Exercise description: Give the lines again exactly as they appear below, from the line with "Moorfield Slim Chelsea Boot // Black Suede" to the line with "Hoofdafbeelding SEAT Ibiza", both included, and only those lines. Leave every picture out.

Scraped caption text data:
++++++++++
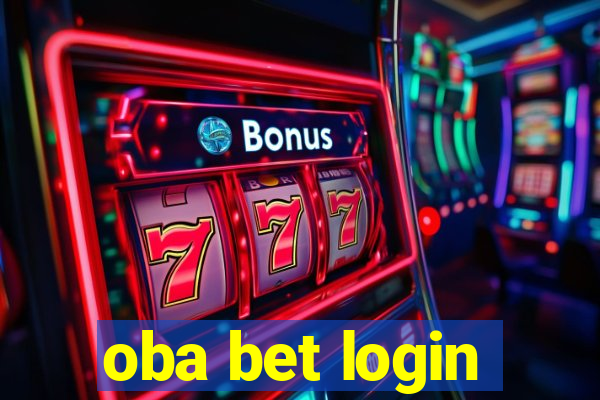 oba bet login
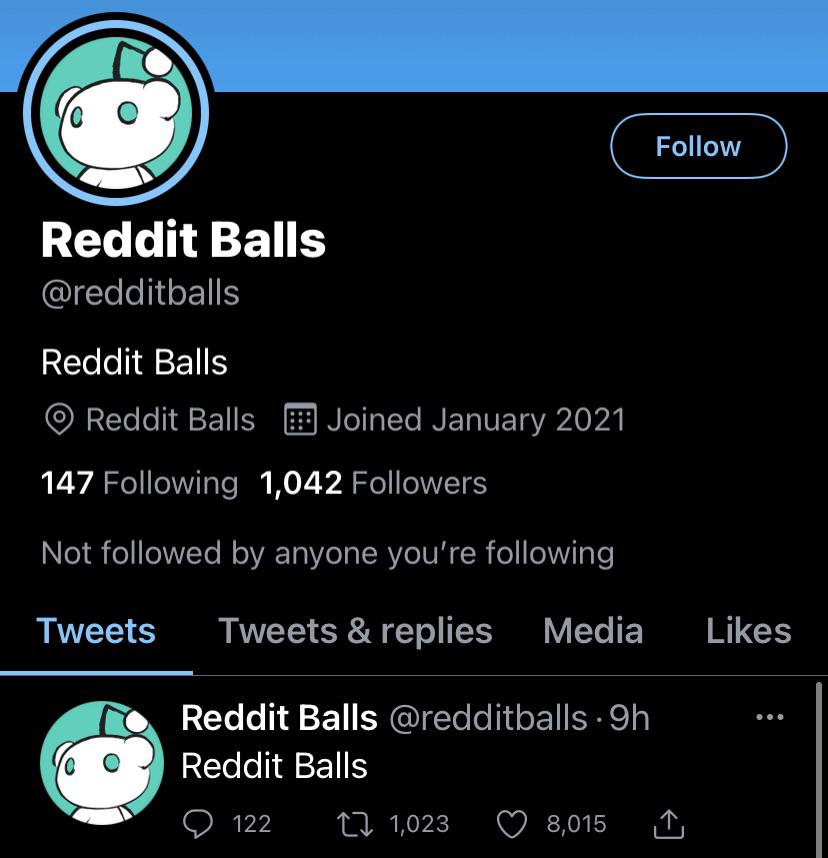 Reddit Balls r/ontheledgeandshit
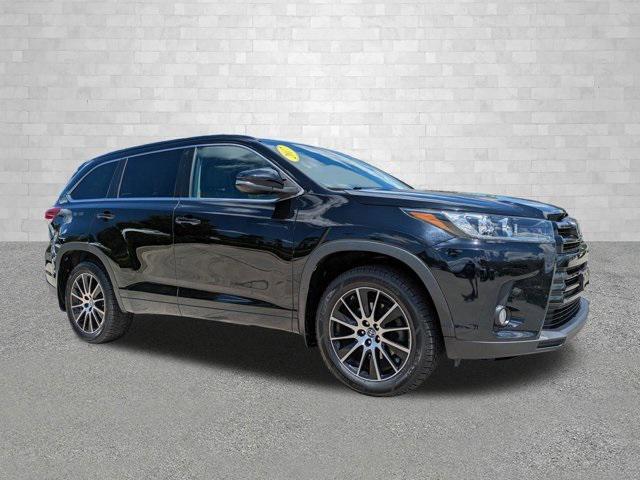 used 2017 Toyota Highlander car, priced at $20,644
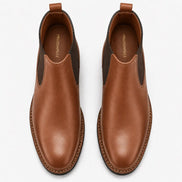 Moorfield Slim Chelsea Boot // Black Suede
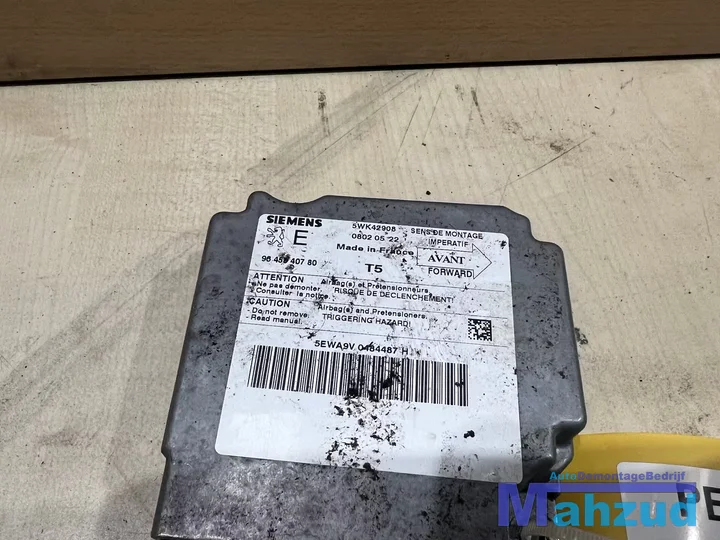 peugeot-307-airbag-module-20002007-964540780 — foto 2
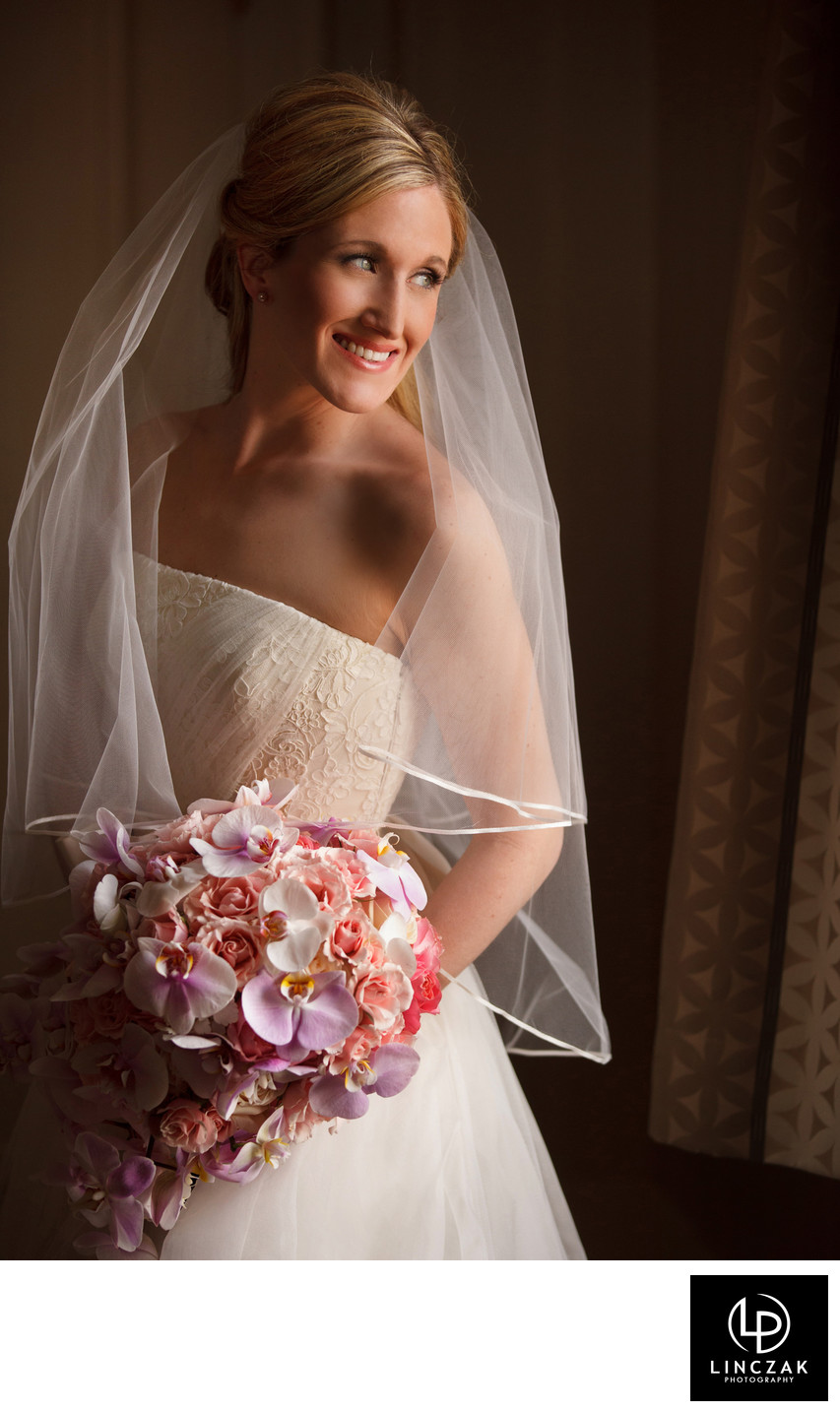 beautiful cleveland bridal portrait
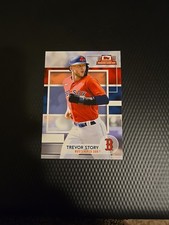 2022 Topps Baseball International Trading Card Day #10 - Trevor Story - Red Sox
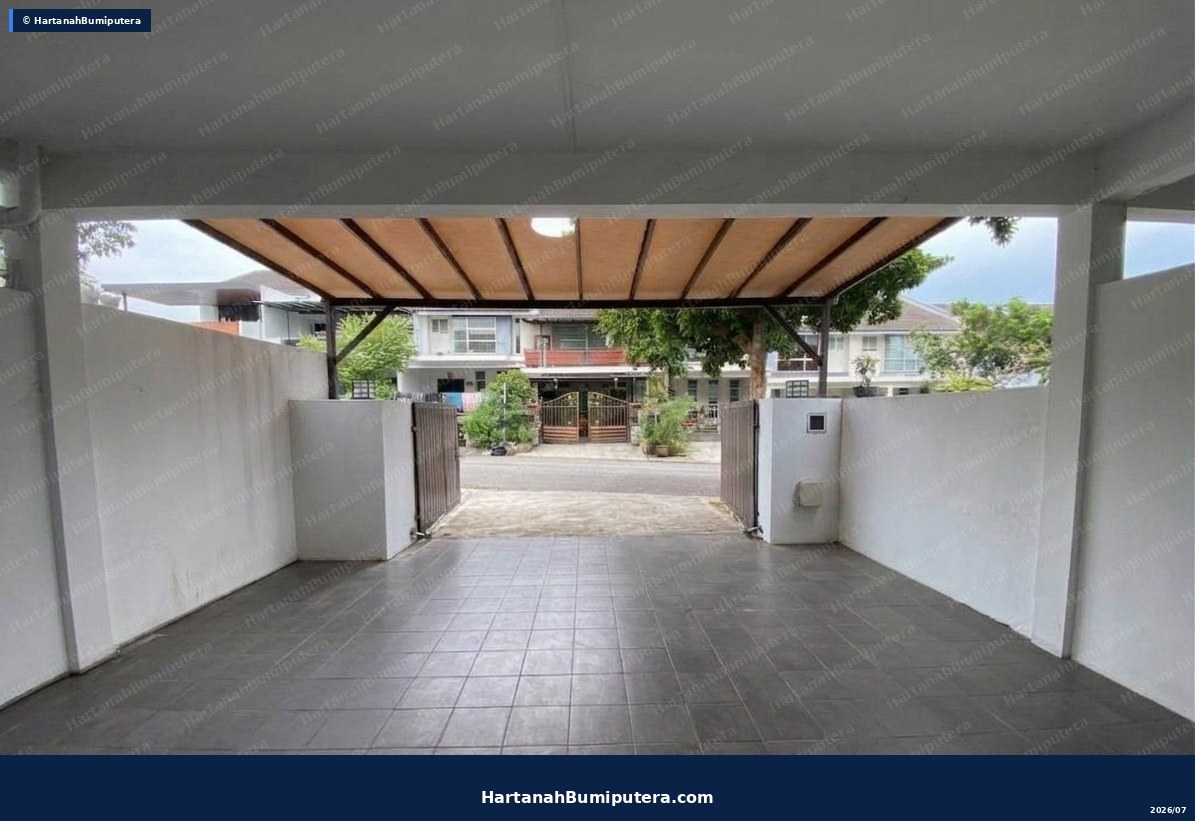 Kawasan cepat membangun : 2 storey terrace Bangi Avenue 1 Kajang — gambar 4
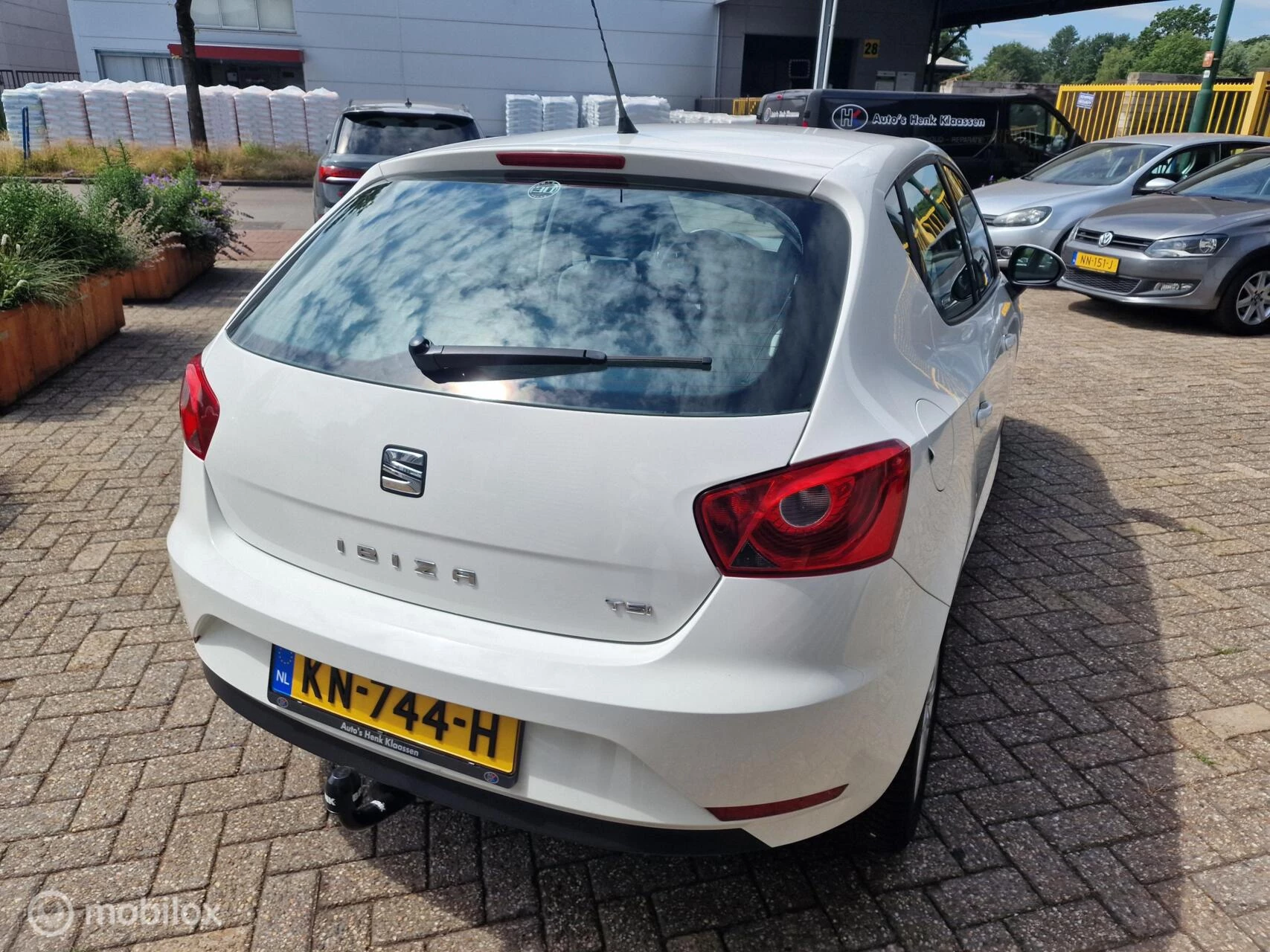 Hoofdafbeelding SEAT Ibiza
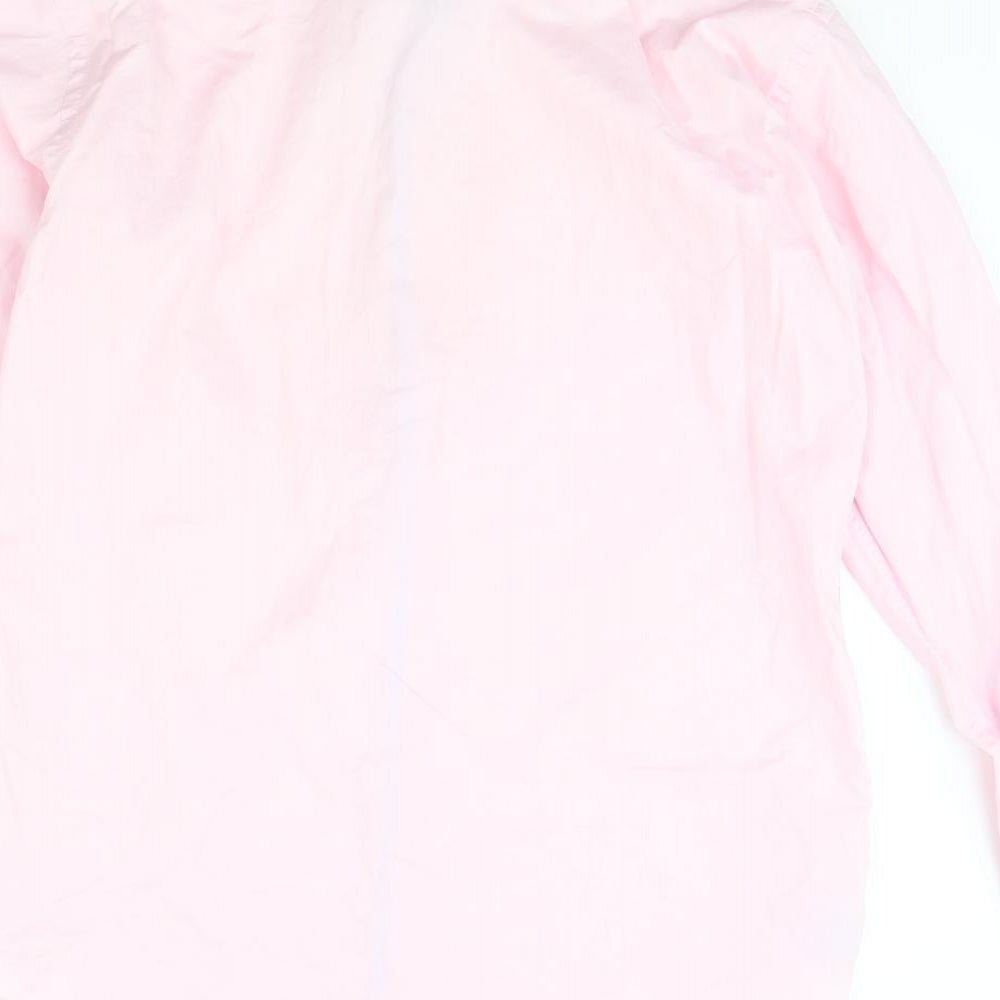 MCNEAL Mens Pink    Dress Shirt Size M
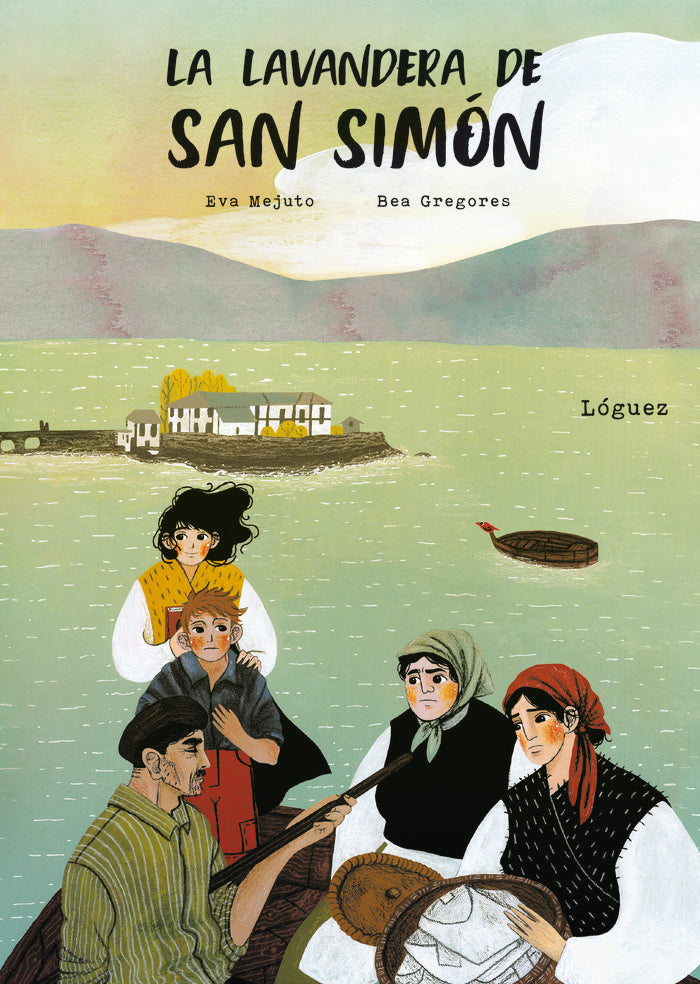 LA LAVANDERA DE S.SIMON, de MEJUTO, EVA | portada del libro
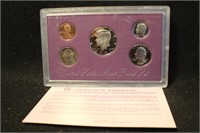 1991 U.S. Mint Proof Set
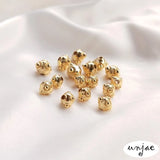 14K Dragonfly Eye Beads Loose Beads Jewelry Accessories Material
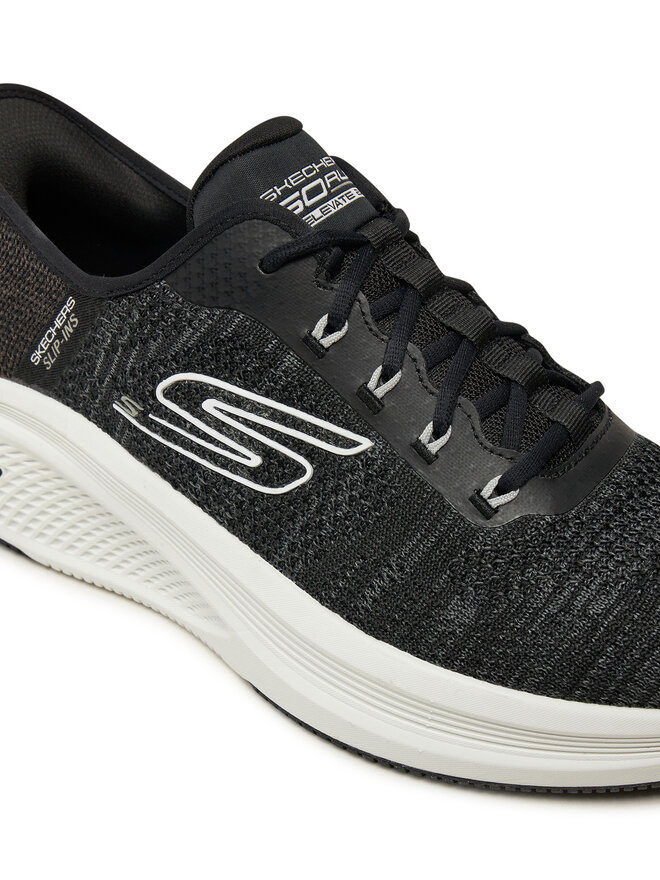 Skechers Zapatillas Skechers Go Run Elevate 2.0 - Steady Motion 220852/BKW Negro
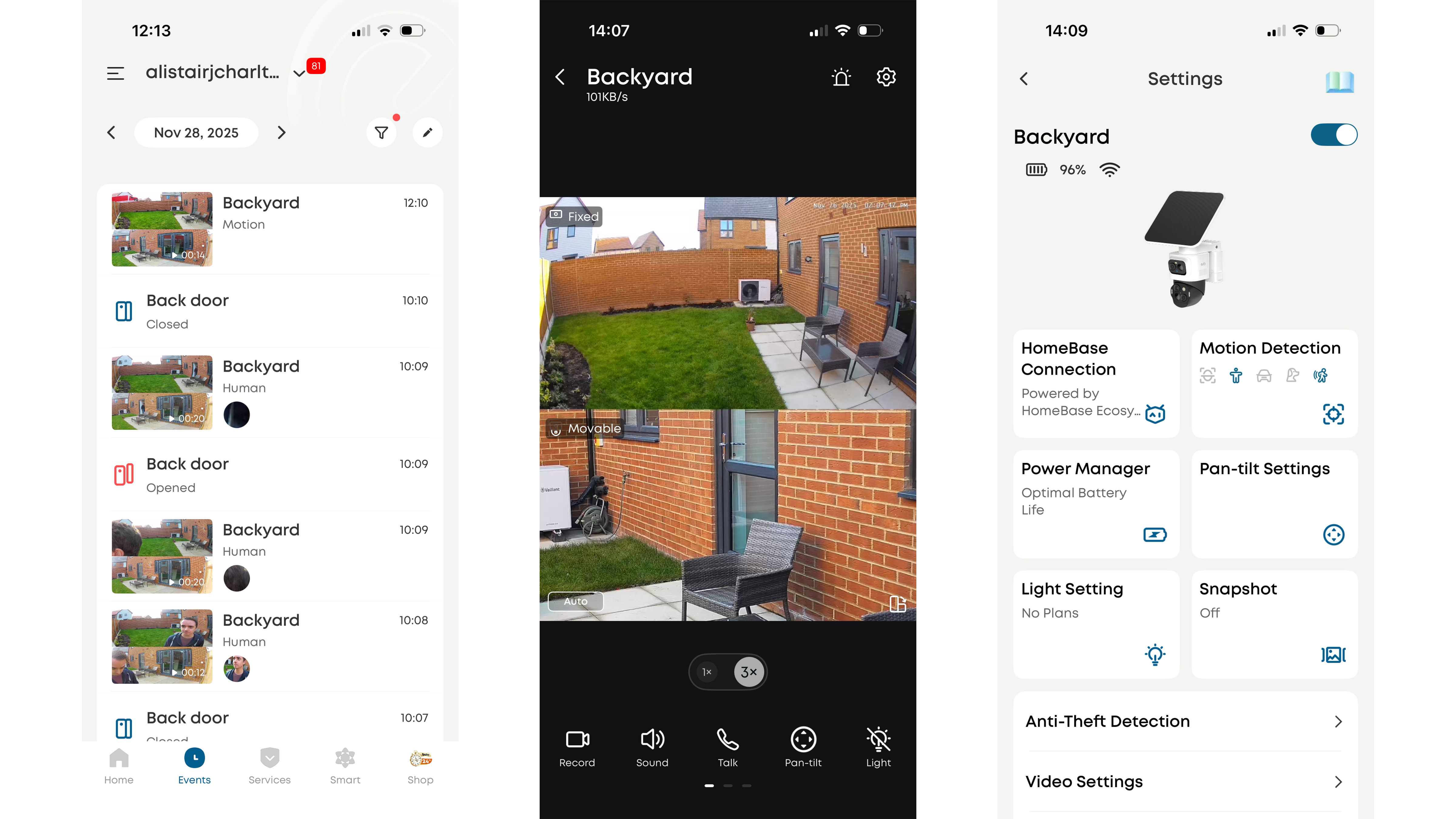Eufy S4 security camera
++++++++++
Response area:
 Moorfield Slim Chelsea Boot // Black Suede
 peugeot-307-airbag-module-20002007-964540780 — foto 2
 beautiful cleveland bridal portrait
 2022 Topps Baseball International Trading Card Day #10 - Trevor Story - Red Sox
 Kawasan cepat membangun : 2 storey terrace Bangi Avenue 1 Kajang — gambar 4
 Hoofdafbeelding SEAT Ibiza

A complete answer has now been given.